• [ACTION ITEM]
Return verbatim the lines that run from the one holding "Skoda Karoq 1L Se Blue" to the end of the listing, both ends included, without the pictures.

• [SUPPLIED RECORDS]
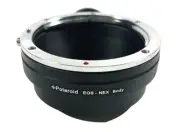 Polaroid Bayonet Lens Mount Adapter for Canon EOS & NEX Black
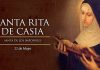 Santoral del 22 de mayo. Joaquina, Rita, Atón, Ausonio, Basilisco, Domingo, Juan, Julia, Lupo, Miguel y Quiteria.
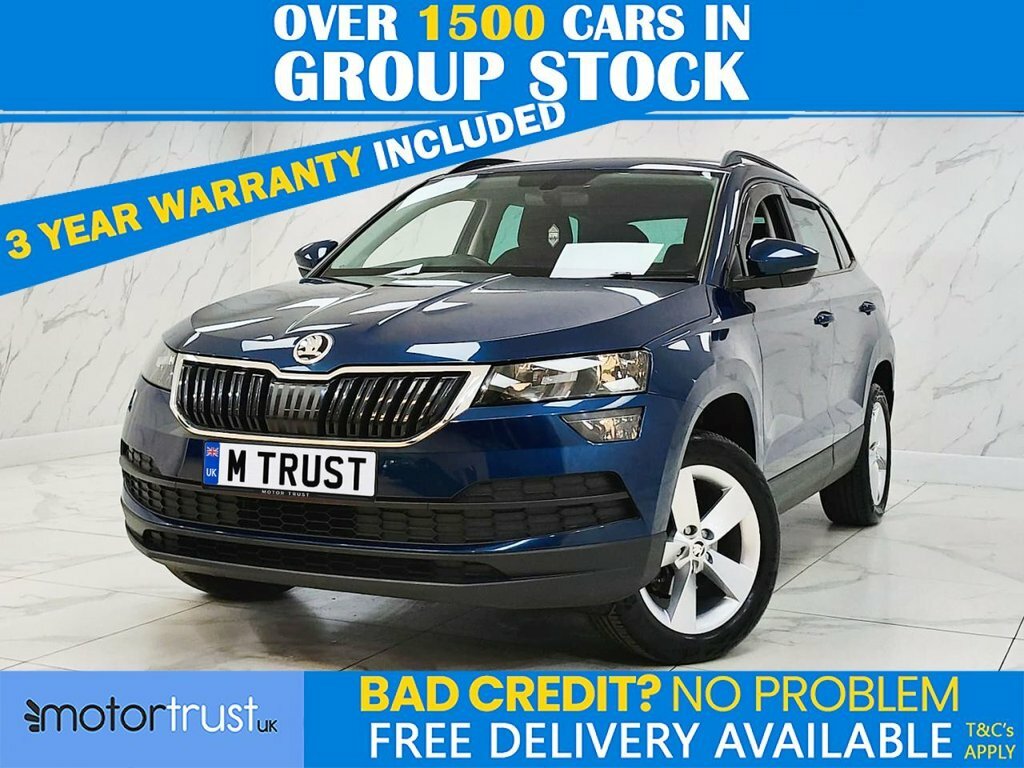 Skoda Karoq 1L Se Blue
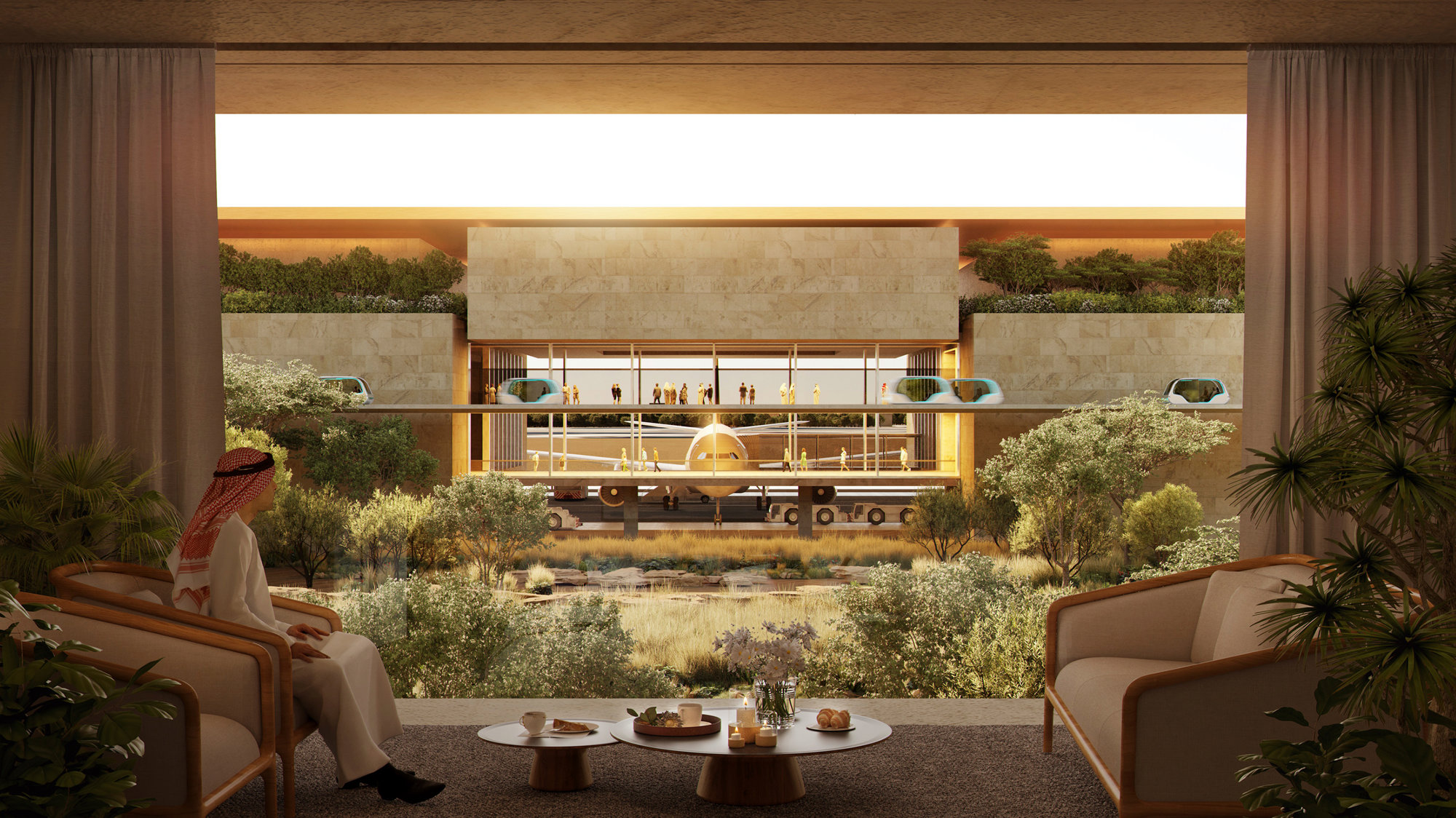 Foster + Partners Wins Competition For King Salman International Airport In Riyadh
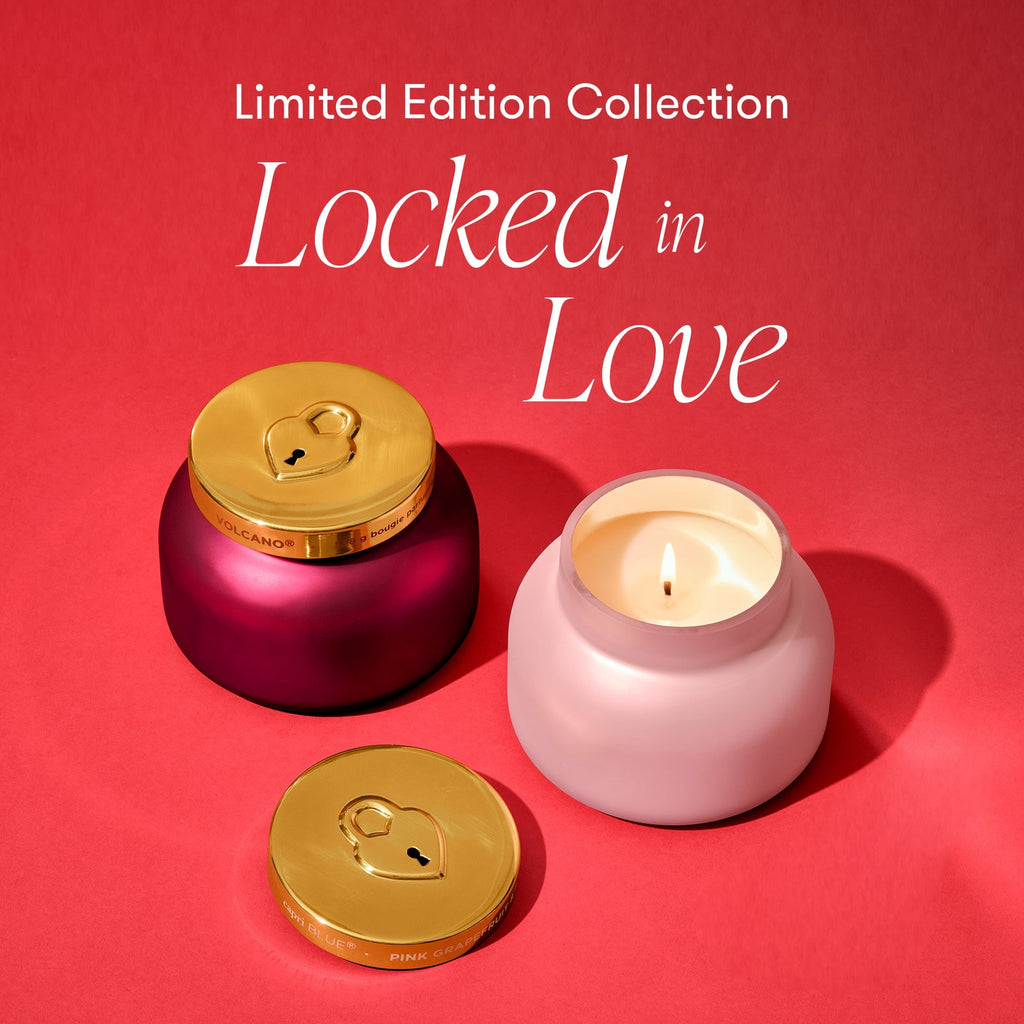 Capri Blue - Pink Grapefruit & Prosecco Locked in Love Signature Candle - 19oz - KJ Clothier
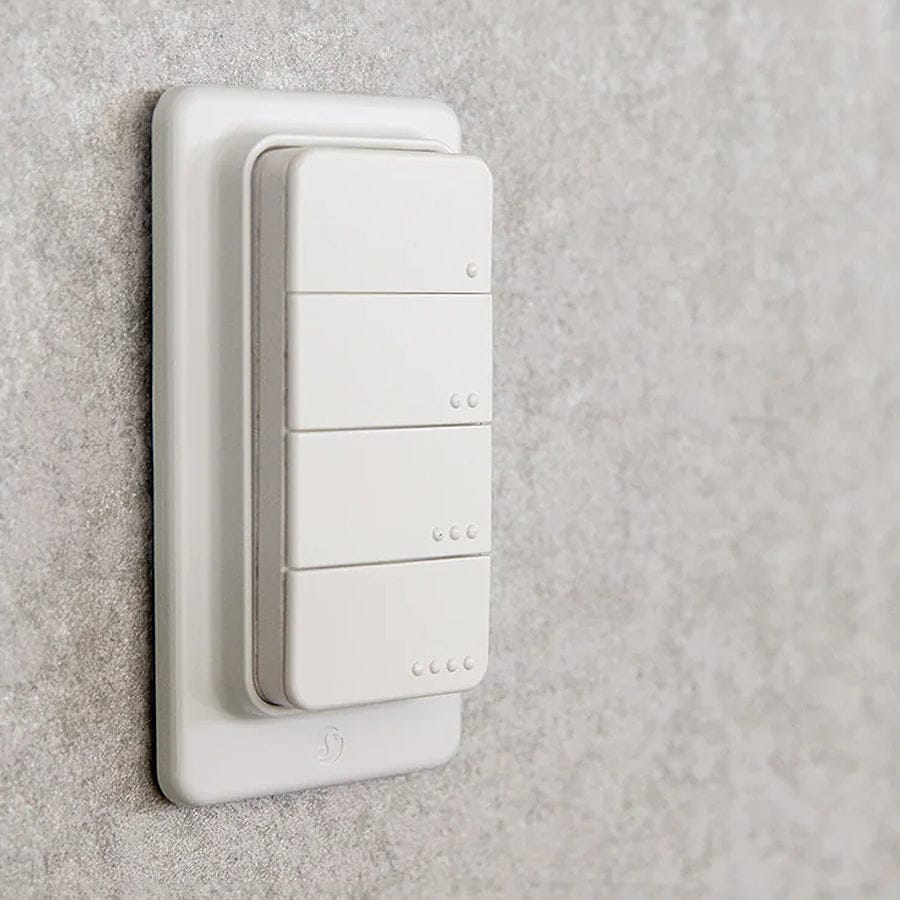 Shelly BLU RC Button 4 ZB by Shelly - The Pi Hut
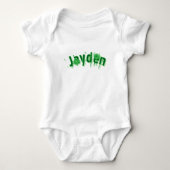 Body Nom Jayden Vert, (Devant)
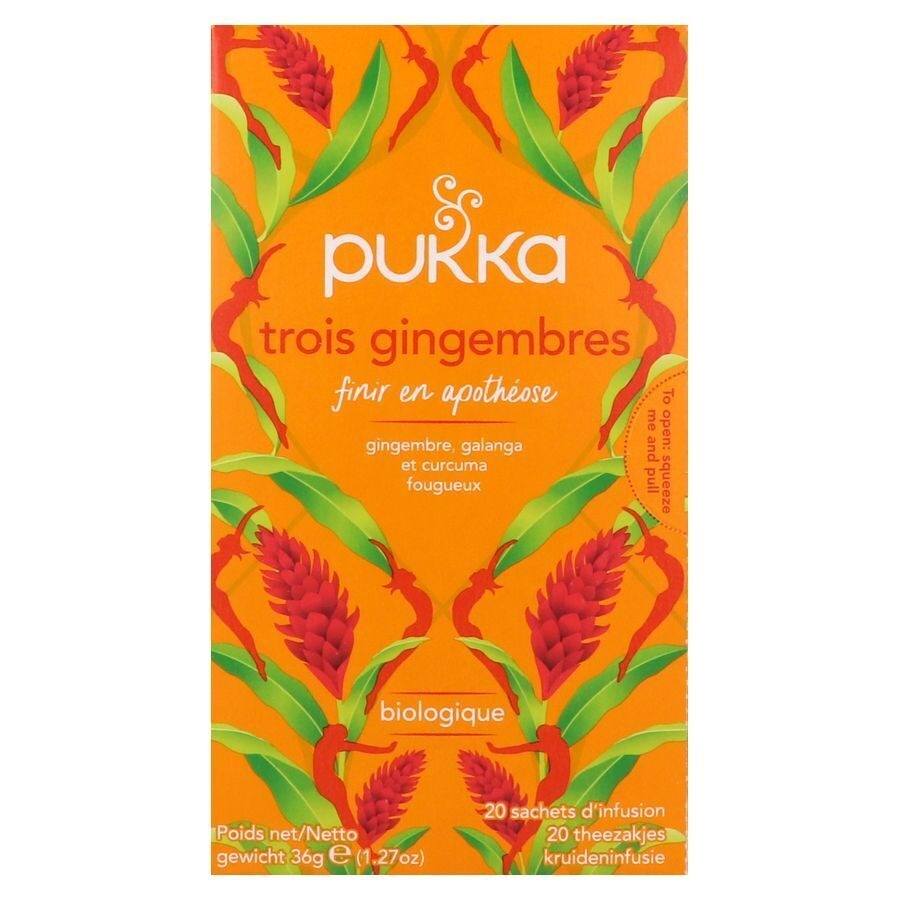Pukka Herbs Three Ginger 20 Sachets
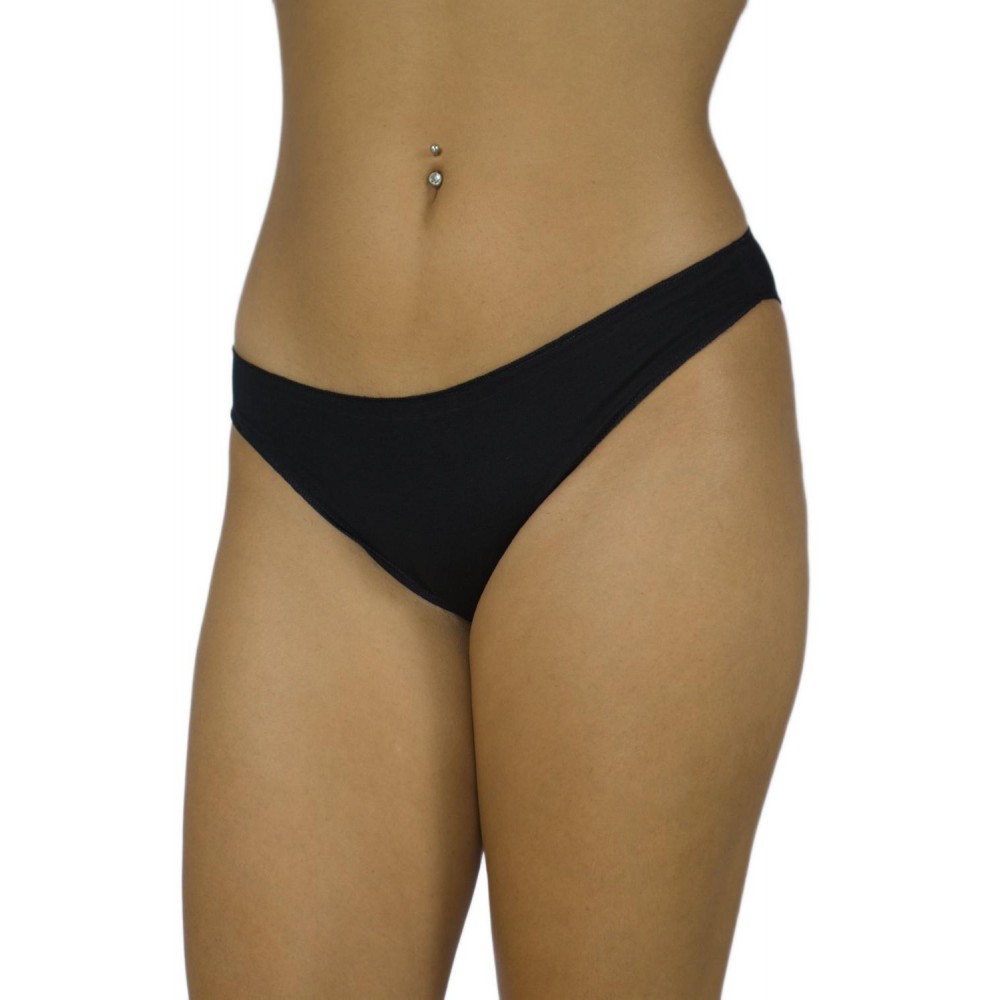 Women's Bikini Tai seamless  Black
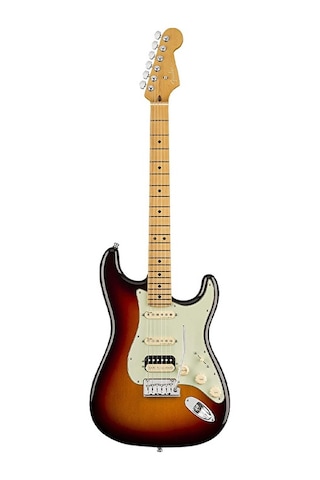 Fender 0118022712 American Ultra Stratocaster Hss Elektro Gitar Ultraburst Akçaağaç Klavye Modern D Sap Profili Ve Ultra Noiseless Manyetikler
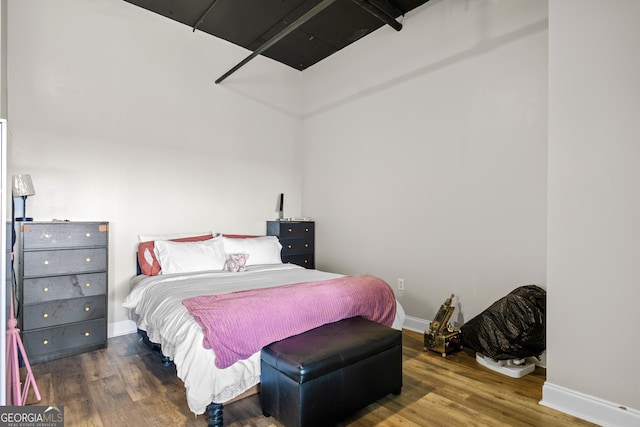 120 Ralph Mcgill Blvd NE Apt 1409, Atlanta, GA 30308 - bedroom with wood finished floors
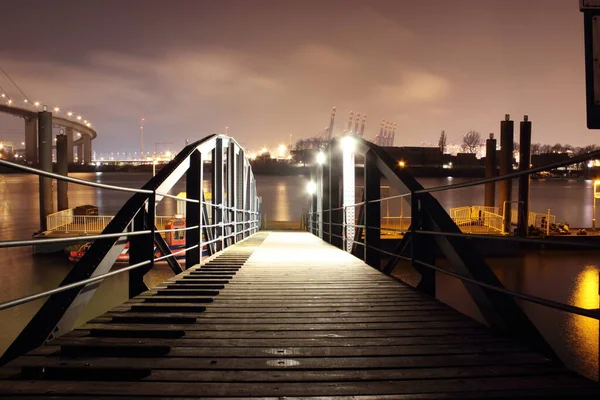 Port City Hamburg Germany — Stock Photo, Image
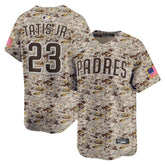 MLB Fernando Tatis Jr. San Diego Padres Nike Alternate 2 Limited Jersey - Camo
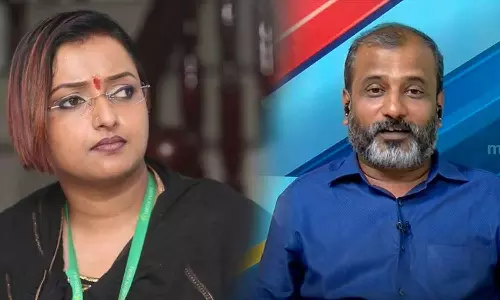 സി.പി.എം സഹയാത്രികൻ ബി.എൻ ഹസ്‌കറിനെതിരെ സ്വപ്‌നയുടെ വക്കീൽ നോട്ടീസ്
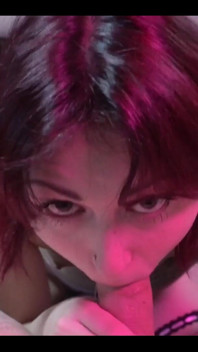Azie Bug Sucking Cock in This Short Teaser From Her Full Length Hotel Video Shoot Where She Takes a Massive 7 Rope Facial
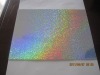 Hologram metallized paper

• [WRITTEN RESPONSE]
 Skoda Karoq 1L Se Blue
 Foster + Partners Wins Competition For King Salman International Airport In Riyadh
 Capri Blue - Pink Grapefruit & Prosecco Locked in Love Signature Candle - 19oz - KJ Clothier
 Shelly BLU RC Button 4 ZB by Shelly - The Pi Hut
 Body Nom Jayden Vert, (Devant)
Pukka Herbs Three Ginger 20 Sachets
 Women's Bikini Tai seamless  Black
 Fender 0118022712 American Ultra Stratocaster Hss Elektro Gitar Ultraburst Akçaağaç Klavye Modern D Sap Profili Ve Ultra Noiseless Manyetikler
 120 Ralph Mcgill Blvd NE Apt 1409, Atlanta, GA 30308 - bedroom with wood finished floors
 Port City Hamburg Germany — Stock Photo, Image
 MLB Fernando Tatis Jr. San Diego Padres Nike Alternate 2 Limited Jersey - Camo
 സി.പി.എം സഹയാത്രികൻ ബി.എൻ ഹസ്‌കറിനെതിരെ സ്വപ്‌നയുടെ വക്കീൽ നോട്ടീസ്
Azie Bug Sucking Cock in This Short Teaser From Her Full Length Hotel Video Shoot Where She Takes a Massive 7 Rope Facial
 Hologram metallized paper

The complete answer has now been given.